Using a few tables to hold all Domain values: Good Idea or Bad?
A "domain" is a set of items that define the permissible values ("discrete values") that a database column may take. For example, Gender may take the values Male, Female or
Unknown. In many applications, each item is defined by a pair of values: an internal code, typically a number, and an accompanying descriptive phrase. For example, many items in questionnaires are scored on a 1-5 Likert Scale, such as:
1= Disagree strongly, 2 = Disagree Somewhat, 3 = Neutral,. 4= Agree somewhat, 5=Agree strongly.
In user interfaces, database columns based on domains are typically presented as
combo boxes, list boxes or radio button lists, depending on the application.
Combo boxes take the least space and are convenient for keyboard-oriented users;
radio-buttons are fastest to enter with the mouse, but take up more screen real
estate.
In a database where a large number of columns are based on domains, one
typically chooses to store the domain values in a table so as to simplify the
presentation and validation logic. There are two ways to do this. In one, the
database column becomes a foreign key into a table of domain values, so we have
one table for each domain. In another, we seek to combine the separate domain
tables into fewer tables in some way.
Perspective 1: Combining Domain Values into Fewer Tables is Bad
Louis Davidson's website
http://www.simple-talk.com/sql/database-administration/ten-common-database-design-mistakes/
advocates against using the second approach. The example Davidson uses is a
table GenericDomain consisting of the columns (GenericDomainID int primary key,
RelatedToTable text, RelatedToColumn text, Code int, Description text). Davidson
then goes on to show why this design is unworkable.
While I agree strongly with the other nine issues Davidson emphasizes (and I believe that he performs a very valuable service to the developer community through his site) I would disagree with this one.
First, Davidson's GenericDomain table is not in third-normal form . (To recap,
in third-normal form, all columns of a table depend on the key, the whole key
and nothing but the key.) A domain is a Set of values, not an individual
Code-Description pair. The correct design would be to use three tables:
- Generic_Domains (Domain_ID int primary key, Name text, Description text),
containing a definition of the Domain; - Domain_Values (Domain_ID int, Code int, Description text), containing a
definition of each member (code-description pair) of each domain.
The primary key is (Domain_ID, Code) and Domain_ID is a foreign key into
Domains. - Domain_Mapping (Domain_ID int, RelatedToTable text, RelatedToColumn text)
that documents which Domain is used for a given table and column. (Sometimes, as
in Likert-scale questionnaires, the same Domain is used for multiple columns.)
Davidson's query: "Give me all the domain values for the Customers table" is now
answered very easily using the following query, which uses a two-table join:
select M.RelatedToColumn, DV.Code, DV.Description from Domain_Values
DV, Domain_Mapping M where M.Domain_ID= DV.Domain_ID order by M.RelatedToColumn, DV.Code
Second, Davidson raises the issue that the GenericDomain design makes it messy
to validate data using foreign key constraints.
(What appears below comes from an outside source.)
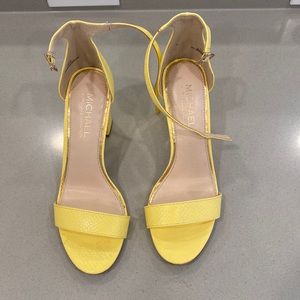 Yellow Michael size 8 Heels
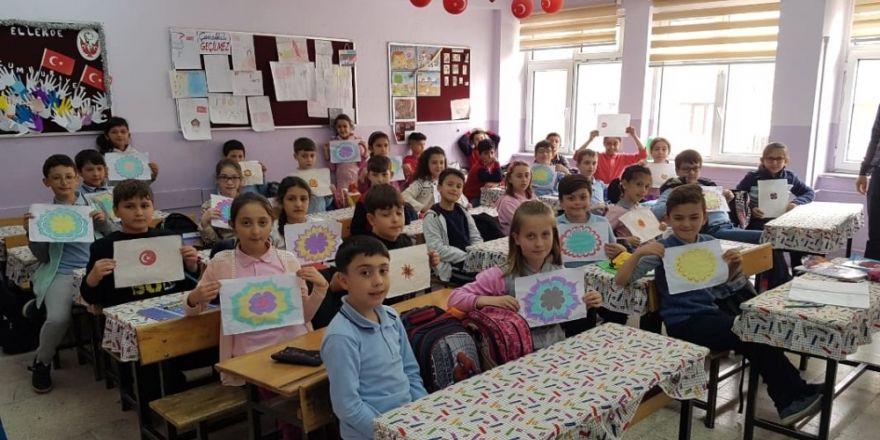 Öğrenciler ebru sanatıyla tanıştı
This argument is not valid for
today's mainstream RDBMS technology. Implementing a foreign-key constraint involves creating a Stored Function and using it in a constraint. This is something that both Oracle and MS SQL Server
are capable of.
The stored function illustrated below, CheckDomainCol, (I have used SQL
Server syntax: the code is pasted from SQL Server Management Studio) is general,
parameterized, and needs to be created only once: it can be used multiple times,
once for each column whose values you need to constrain to a specific domain.
The first part of the code, and the code that proves that the constraint works,
is just there to save you the trouble of typing: the critical part of the code -
the stored function, and its use in a constraint - is highlighted in bold.
Domain_ID int IDENTITY(1,1) NOT NULL primary key,
NAME varchar(50) NOT NULL, DESCRIPTION varchar(255) NULL
)
go
CREATE TABLE Domain_Values(
Domain_ID int NOT NULL,
Code int not null,
DESCRIPTION varchar(200) NULL,
DATETIME_LAST_MODIFIED datetime NULL default getdate(),
CONSTRAINT PRIM_Domain_Values PRIMARY KEY CLUSTERED (Domain_ID, Code) )
GO
Create table Domain_Mapping (
Domain_ID int not null,
RelatedToTable varchar(255) not null,
RelatedToColumn varchar(255) not null,
constraint Prim_Dom_Map Primary Key Clustered (Domain_ID, RelatedToTable,
RelatedToColumn)
)
go
ALTER TABLE Domain_Values ADD CONSTRAINT FKEY1 FOREIGN KEY(Domain_ID)
REFERENCES Generic_Domains (Domain_ID) ON DELETE CASCADE
GO
ALTER TABLE Domain_Values CHECK CONSTRAINT FKEY1
go
insert into Generic_Domains (name, description) values('test', 'a test domain')
go
/* the above record gets the primary key value 1 *//span>
insert into Domain_Values(Domain_ID,Code,Description) values (1,1,'Yes');
insert into Domain_Values(Domain_ID,Code,Description) values (1,0,'No');
insert into Domain_Values(Domain_ID,Code,Description) values (1,99,'Unknown');
go
create table CheckTbl (col1 varchar(255), col2 int)
go
insert into Domain_Mapping values(1, 'CheckTbl', 'col2')
go
CREATE FUNCTION CheckDomainCol(@Val int,@Tablename
varchar(255), @ColumnName varchar(255) ) RETURNS bit AS
BEGIN
DECLARE @retval int
SELECT @retval = COUNT(*) FROM Domain_Values DV, Domain_mapping M
where M.Domain_ID = DV.Domain_ID and M.RelatedDV. Code = @Val and
DV.Domain_ID= @Domain_ID
RETURN (@retval <> 0)
END;
GO
ALTER TABLE CheckTbl ADD CONSTRAINT chkCol2 CHECK (dbo.CheckDomainCol (col2, 'CheckTbl', 'col2') = 1);
GO
insert into CheckTbl values(1, 45) /* this will fail */
I fully agree with Davidson that the GenericDomain design approach does not make
sense if you need multiple columns, not just a Code and Description, associated
with each domain value.
In this case, you should create a separate table for that particular domain.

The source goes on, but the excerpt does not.